À la fin du Premier Empire, elle décrit dans De l’Allemagne l’idéal du cosmopolitisme et de la libre circulation des idées qui caractérisent l’esprit de Coppet :

Les nations doivent se servir de guide les unes aux autres, et toutes auraient tort de se priver des lumières qu’elles peuvent mutuellement se prêter. Il y a quelque chose de très singulier dans la différence d’un peuple à un autre : le climat, l’aspect de la nature, la langue, le gouvernement, enfin surtout les événements de l’histoire, puissance plus extraordinaire encore que toutes les autres, contribuent à ces diversités, et nul homme, quelque supérieur qu’il soit, ne peut deviner ce qui se développe naturellement dans l’esprit de celui qui vit sur un autre sol et respire un autre air : on se trouvera donc bien en tout pays d’accueillir les pensées étrangères ; car, dans ce genre, l’hospitalité fait la fortune de celui qui reçoit.

Mme de Staël 1838, t. II : 161-162

Comme ses amis, Mme de Staël comprenait fort bien que la recherche de l’identité nationale et culturelle au niveau individuel ou collectif, le rapport à soi-même et le retour aux racines dont se prévalent les mouvements nationalistes, demeurent inféconds s’ils ne s’accompagnent de l’expérience de l’altérité et d’un respect profond pour tout ce qui est étranger. La reconnaissance réciproque de la différence entre les peuples, ancrés dans leur situation géographique particulière et leurs traditions historiques, est la condition même d’un échange et de leur communication réciproque.

En attirant l’attention sur la profondeur philosophique et individualiste de la littérature allemande qu’elle oppose à l’aspect superficiel et frivole des lettres françaises, Mme de Staël postule la relativité du goût et met fin à l’hégémonie classique française. La littérature française est menacée de mort, s’écrie-t-elle, si elle ne trouve pas d’autre source d’inspiration que l’imitation des Anciens.

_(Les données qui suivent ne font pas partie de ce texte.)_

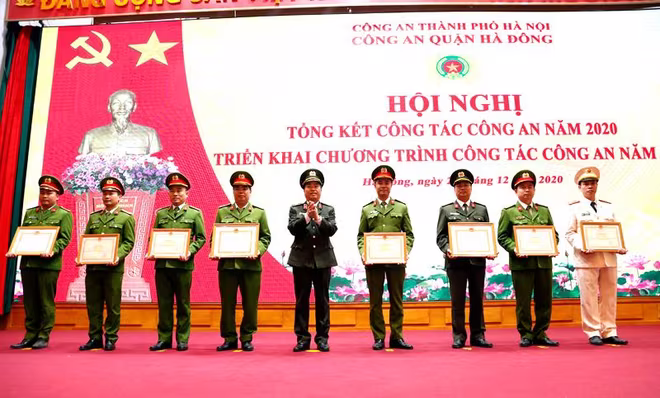 Thiếu tướng Đoàn Ngọc Hùng trao Bằng khen của Bộ trưởng Bộ Công an cho các tập thể và cá nhân của CAQ Hà Đông Thiếu tướng Đoàn Ngọc Hùng trao Bằng khen của Bộ trưởng Bộ Công an cho các tập thể và cá nhân của CAQ Hà Đông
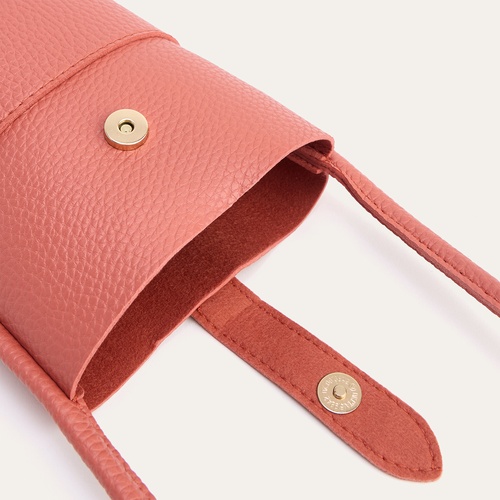  DERİ GÖRÜNÜMLÜ OMUZ ÇANTASI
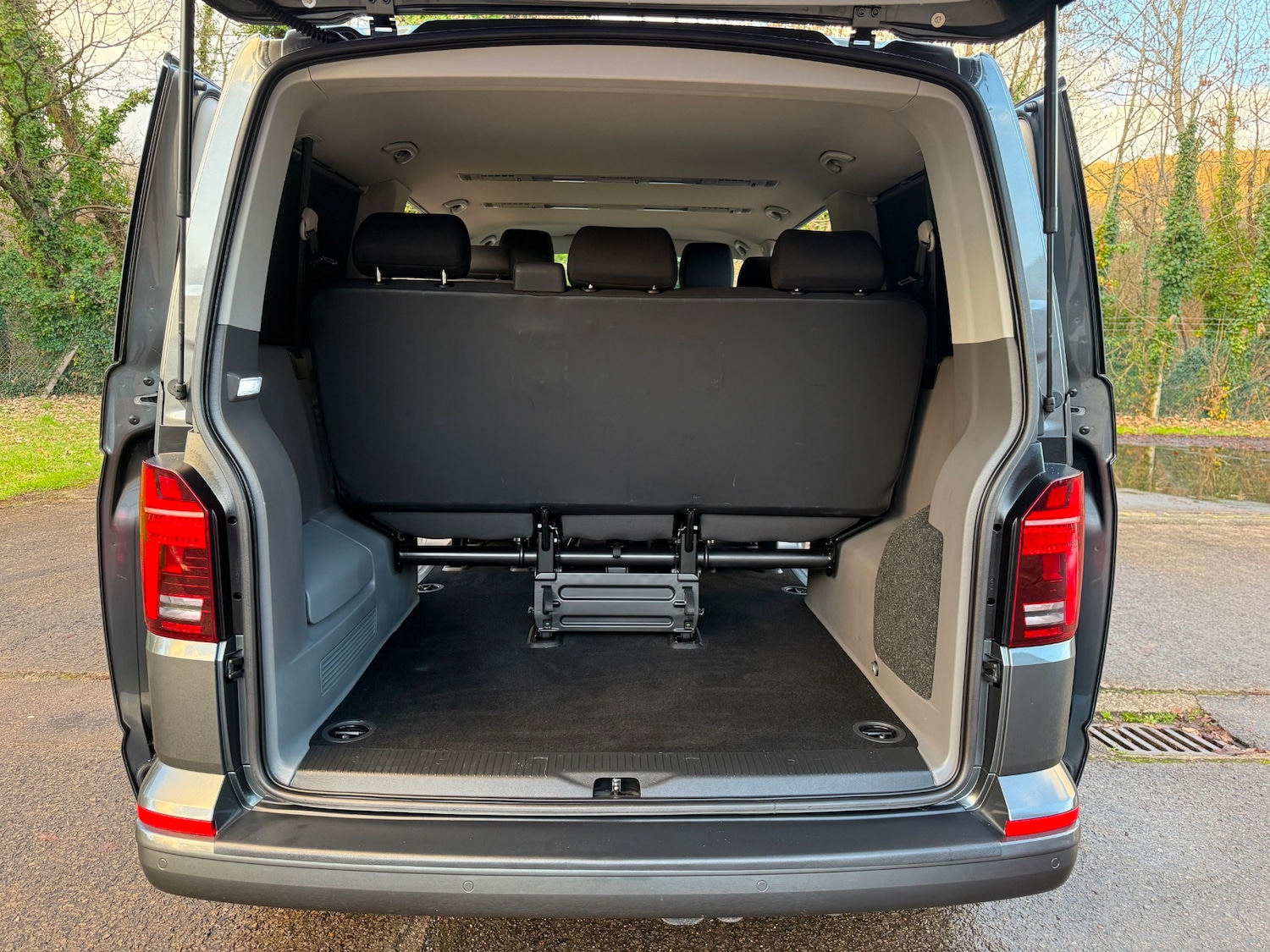 Used Volkswagen Transporter 2021 for sale - 76837565: Photo 3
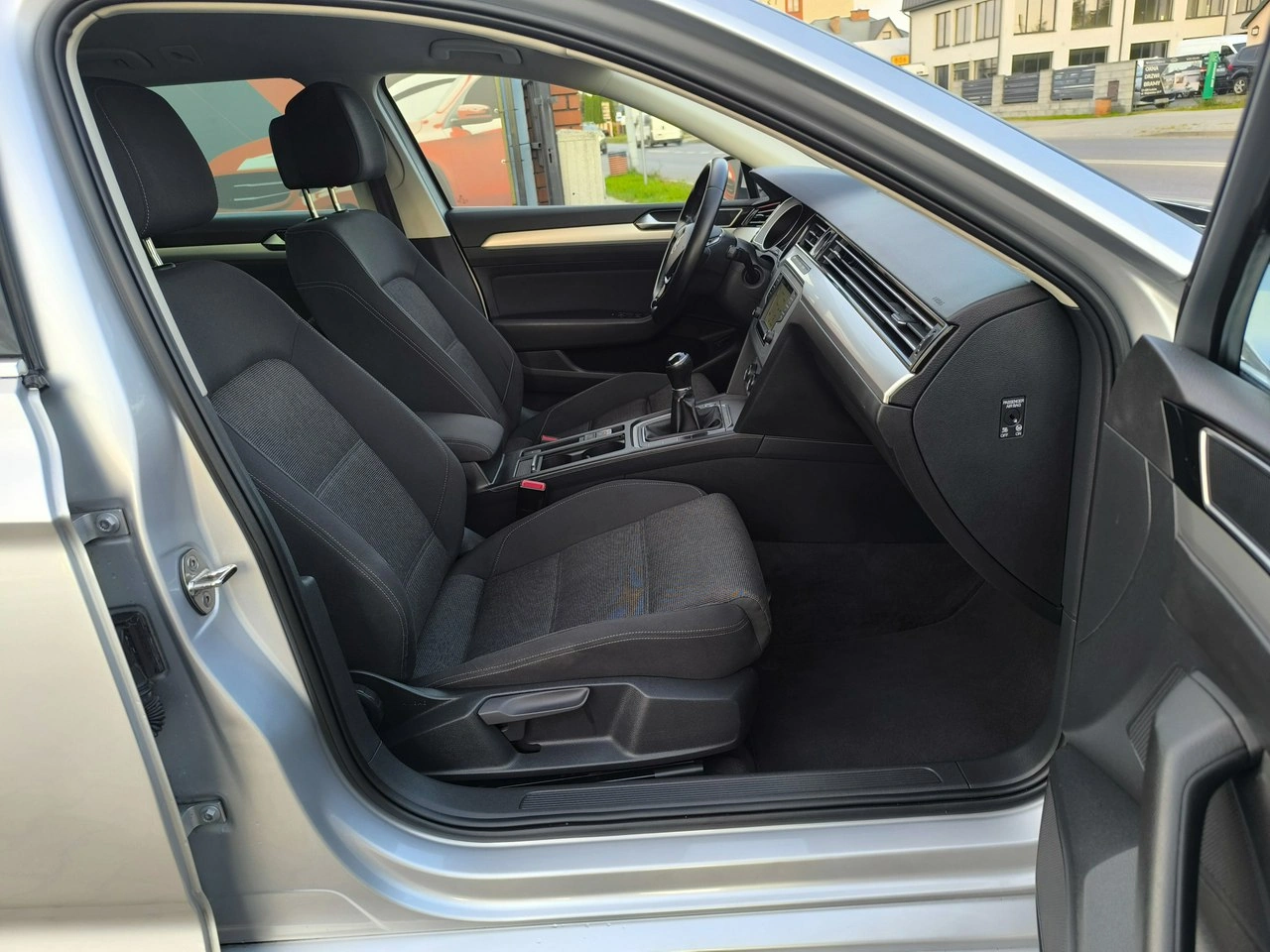 Volkswagen Passat - Zdjęcie 30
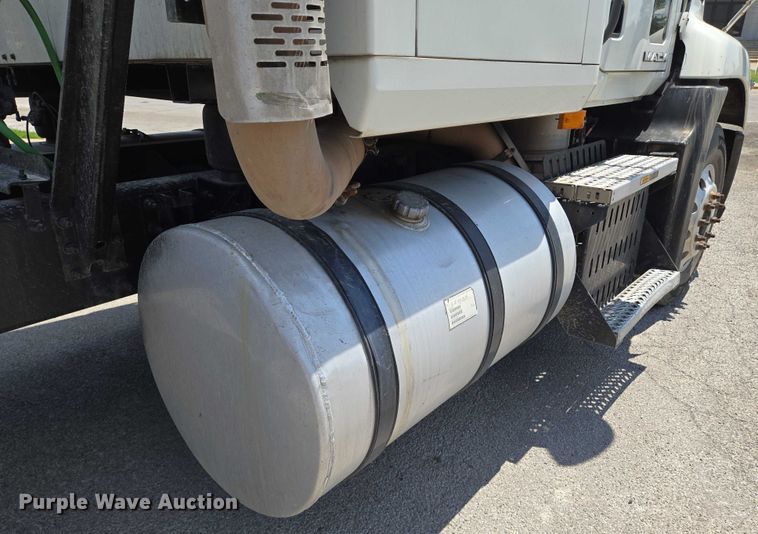 image for item EN8257 2009 Mack CXU613 semi truck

Traduction et perfectibilité

L’un des grands mérites de Mme de Staël, fut d’avoir été l’une des premières à examiner le rapport entre les institutions politiques, sociales et religieuses et la littérature. Elle pose comme principe que la littérature est l’expression de la société et, fidèle à l’héritage des Lumières ainsi qu’aux thèses de Turgot et de Condorcet, elle applique l’idée de perfectibilité à la littérature, conception nouvelle à l’époque[3]. L’étude de la « littérature », comprise ainsi dans son acception la plus large, comprend à proprement parler l’étude de l’être humain, de ses moeurs selon le modèle de Montesquieu, de son histoire, de sa philosophie et de ses institutions sociales.

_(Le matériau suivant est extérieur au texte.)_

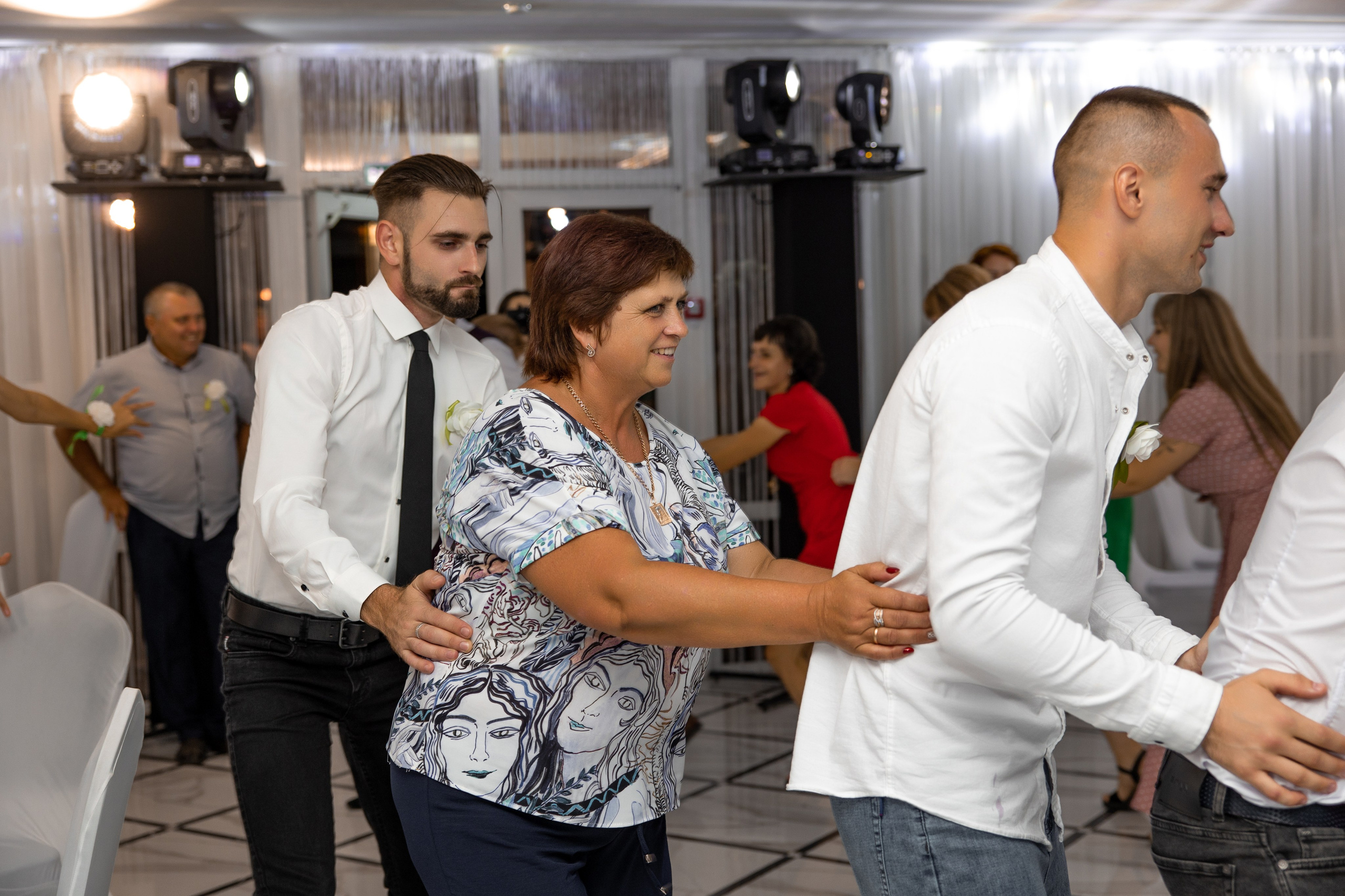 Виталий и Софья. Видеосьемка, фотосьемка свадеб, юбилеев, утренников в Краснодарском кр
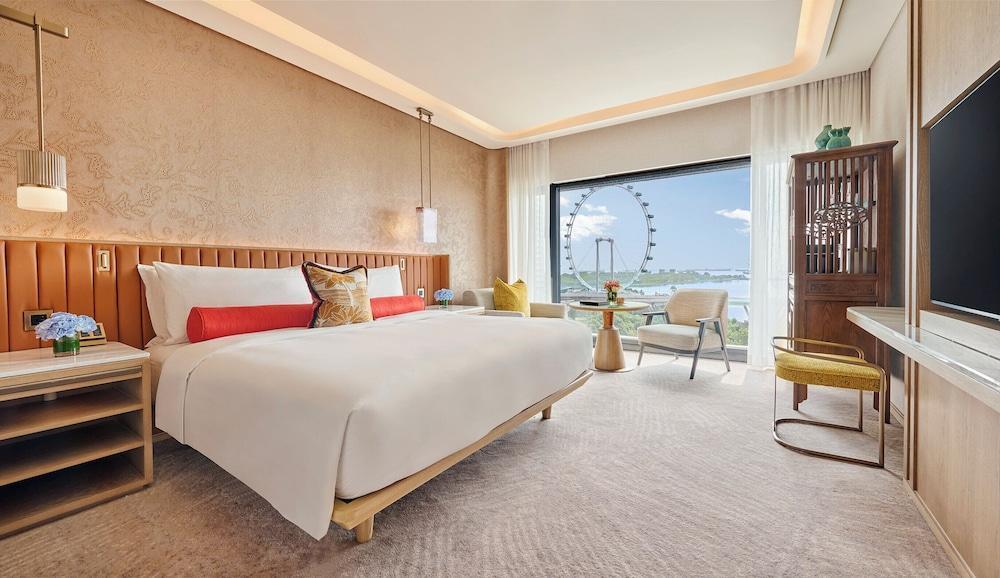 Mandarin Oriental, Singapore Room Type - Room, 1 King Bed, Sea View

La traduction en tant que principe d’émulation et de commerce intellectuel, facteur par excellence de dynamisme social, concourt à la perfectibilité des lettres et de l’esprit humain. Et fidèle à l’idéal d’une esthétique de la singularité du « génie », elle écrit dans De l’esprit des traductions :

Il n’y a pas de plus éminent service à rendre à la littérature, que de transporter d’une langue à l’autre les chefs-d’oeuvre de l’esprit humain. Il existe si peu de productions du premier rang ; le génie, dans quelque genre que ce soit, est un phénomène tellement rare, que si chaque nation moderne en était réduite à ses propres trésors, elle serait toujours pauvre. D’ailleurs, la circulation des idées est, de tous les genres de commerce, celui dont les avantages sont les plus certains.

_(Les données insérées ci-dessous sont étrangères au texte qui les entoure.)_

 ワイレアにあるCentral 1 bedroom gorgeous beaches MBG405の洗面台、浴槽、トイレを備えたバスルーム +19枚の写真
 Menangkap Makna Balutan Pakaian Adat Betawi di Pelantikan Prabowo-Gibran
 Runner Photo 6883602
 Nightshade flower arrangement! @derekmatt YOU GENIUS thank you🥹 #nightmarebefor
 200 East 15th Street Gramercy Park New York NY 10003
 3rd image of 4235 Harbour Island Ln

Mme de Staël 1838, t. II : 294

Si la Révolution a changé le mode d’inscription de l’individu au sein du corps social en instaurant les bases de la liberté civile, elle a également défini de nouveaux rapports entre la littérature et le pouvoir politique. « J’aurais dû pressentir qu’une révolution politique entraînerait une révolution littéraire », note à ce propos Benjamin Constant (1957 : 881). Pour fonder un esprit nouveau dans l’opinion et créer des institutions modernes, il s’avère nécessaire, selon lui, d’avoir recours aux écrivains qui sont les interprètes privilégiés des signes des temps. Mme de Staël n’aura de cesse, elle aussi, de rappeler la vocation politique de l’écrivain qui se doit de mettre son talent au service de la liberté. La passion volontaire d’un discours terroriste ayant détourné la Révolution de son but véritable, ce n’est pas l’idéal révolutionnaire qu’il faut accuser, selon Mme de Staël, c’est l’absence d’une opinion publique éclairée dirigeant le pays. Le remède aux maux de la France se trouve alors dans le progrès des Lumières par la plume et l’éloquence qui feront obstacle à l’usurpation politique. La littérature philosophique, réunion du raisonnement et de l’éloquence, aux yeux de Mme de Staël, contribuera ainsi au maintien de la liberté.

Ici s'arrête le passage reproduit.